The 920XT also features Smart Notifications. These are based on the 920’s Bluetooth capabilities and work extremely well with my iPhone 6. At first I was sort of turned off by the thought of getting messages on my watch, but as it turns out I have become a pretty big advocate.
Here is one of many examples I found extremely useful. Often I will have my phone laying around the house or at work on silent. When a call or text message comes in I would often miss it. Now since the 920XT is synced up via Bluetooth to my iPhone , I get vibration alerts showing the call or text message. You can also allow your phone to send other messages from various applications you have.
Another great example I found yesterday had to do with a 920XT update. The watch displayed there was an update to the software, I hit accepted and it wireless updated the watch without having me hook it up to the power cable. How cool is that.
The 920XT allows you to set automatic laps based on distance or time. Both are extremely useful and are features I always use. Currently I have it set to 1 mile intervals, which alert me with both sound and vibration.
Garmin Connect is Garmin’s smart phone application that connects your watch to your phone via Bluetooth. The day’s activity is automatically uploaded allowing you full access to all your workout data.

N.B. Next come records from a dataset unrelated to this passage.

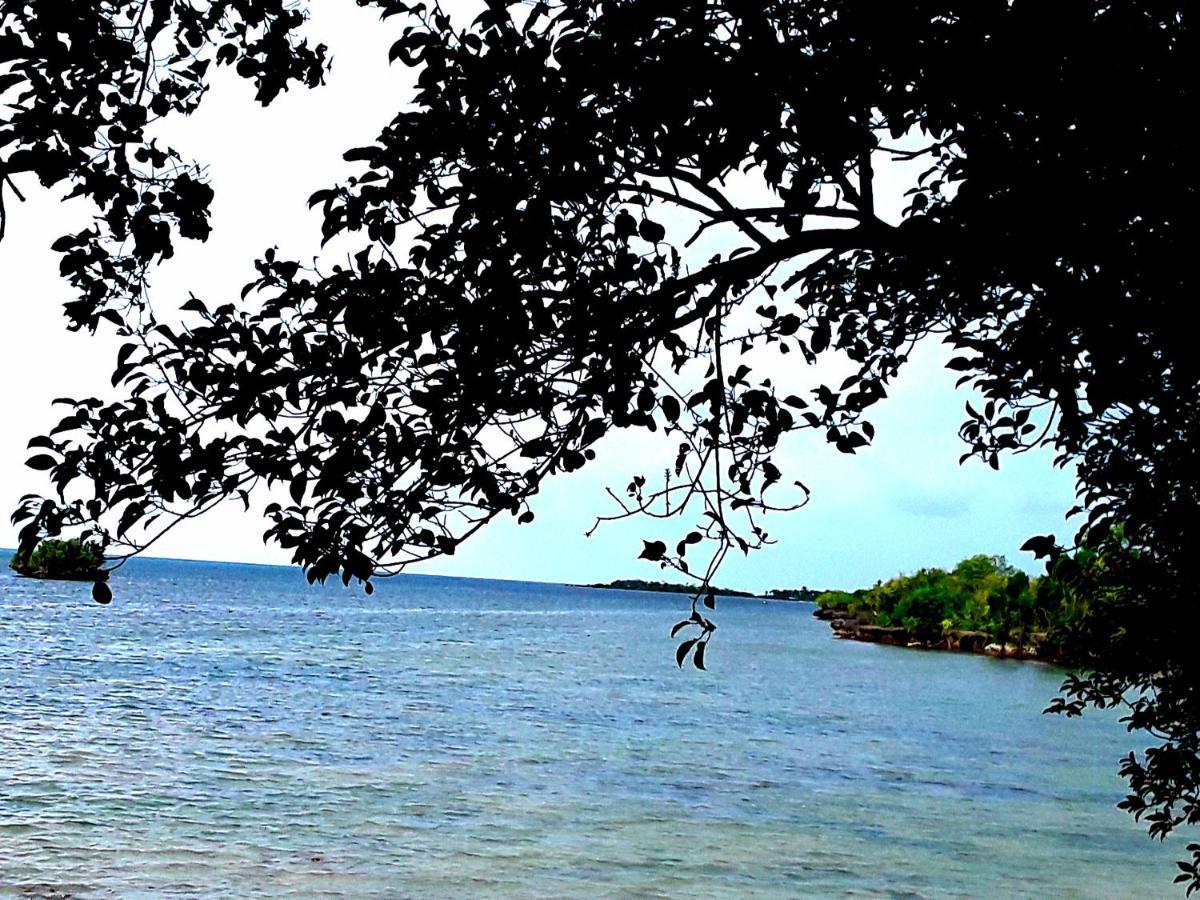 Adayo Cove Resort Siquijor Εξωτερικό φωτογραφία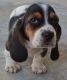 Basset Hound Puppies for sale in Eugene, OR, USA. price: NA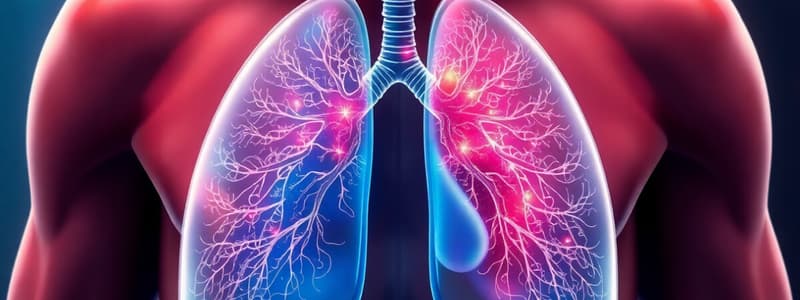 Human Respiratory System Quiz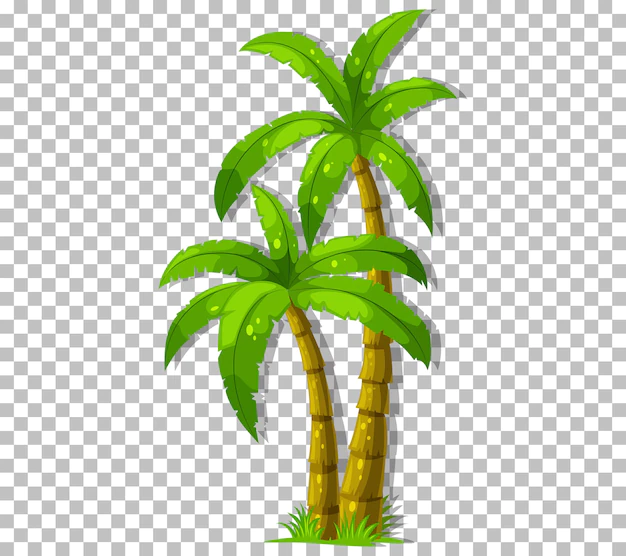 Free Vector | Palm tree on transparent background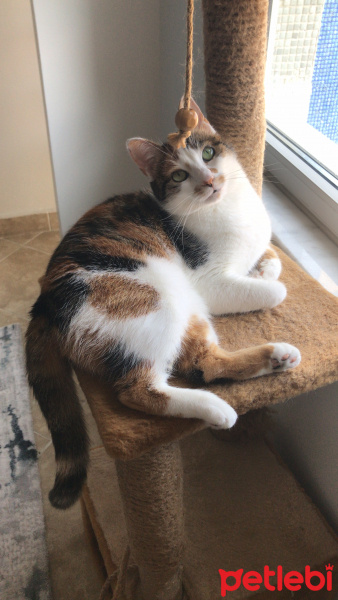 Tekir Kedi, Kedi  Nora fotoğrafı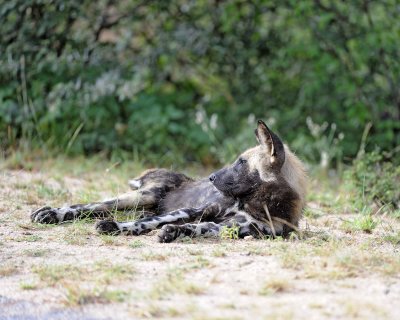 Dog, African Wild-010113-Kruger National Park, South Africa-#1972.jpg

Garmin Connect is available via the smart phone App and via the Garmin Connect website.
Comparing Garmin’s Connect App to Polar’s Flow App, my observation is that Polar’s interface seems more appealing to the eye and gives you better insight during a workout. While the Connect certainly allow you to access the training data, it is presented static, with no apparent option to scroll. One huge advantage Polar has right now for some of the data screens is the ability to slide your finger and view data as it happened. It doesn’t appear Garmin’s Connect App has this functionality, which would make the overall presentation better. The good news is the Garmin Connect website does have similar functionality and provides very useful data.
Below are some of the Polar flow screens showing the sliders. As you slide your finger along the bottom the red circle on the map for instance moves along the course showing you various statistics that were recorded at that time. Rather than just showing clickable mile markers like Garmin does, Polar goes into a lot more detail and allows you to see where you might have been struggling or doing well on a course.
If Garmin manages to add these slider features, similar to what they have available on the website, it would be more on par with Polar’s Flow App.
I found that there seemed to be much more functionality on the Garmin Connect website than on the Garmin Connect App, so using both is usually helpful.
From my experience where the Garmin App seems to excel is on it’s Bluetooth connection. There would be several instances when I was testing the Polar M400 and get really frustrated with it’s connection to the App. Garmin’s Connect has been pretty bomb proof.
You can find out more about Garmin Connect by heading over to the Garmin website or App store. It is available for both iPhones and Androids.
The 920XT comes pre-loaded with 7 different workout modes including Running, Cycling & Swimming both indoors and out and triathlon. The 920 was designed as a triathlete’s watch, but it works equally as runners watch or other sport specific watch. If running, cycling and swimming aren’t your thing, the watch allows additional activities to be added and tracked. I created Nordic walking as another activity option.
The watch allows you to specifically program the activity screen settings allowing you to customize how many screens display and what shows on each screen.
One super cool feature to the 920XT is it records personal records for running, cycling and steps. I found this especially rewarding for running. During a training run it really pushed me to get a new record. My workout went something like this, warm-up 1 mile, +4 miles at tempo and then cool down. During my tempo I felt pretty good so I started to push the pace. Knowing that the watch would record my fastest 5k time really made me stay strong throughout. Of course these records were made during training runs, so I hope to improve upon them if I actually race. In the past my training has been about 30 to 45 seconds per mile slower. Although it really depends on the course and how fast it is…well and how fast I actually am these days.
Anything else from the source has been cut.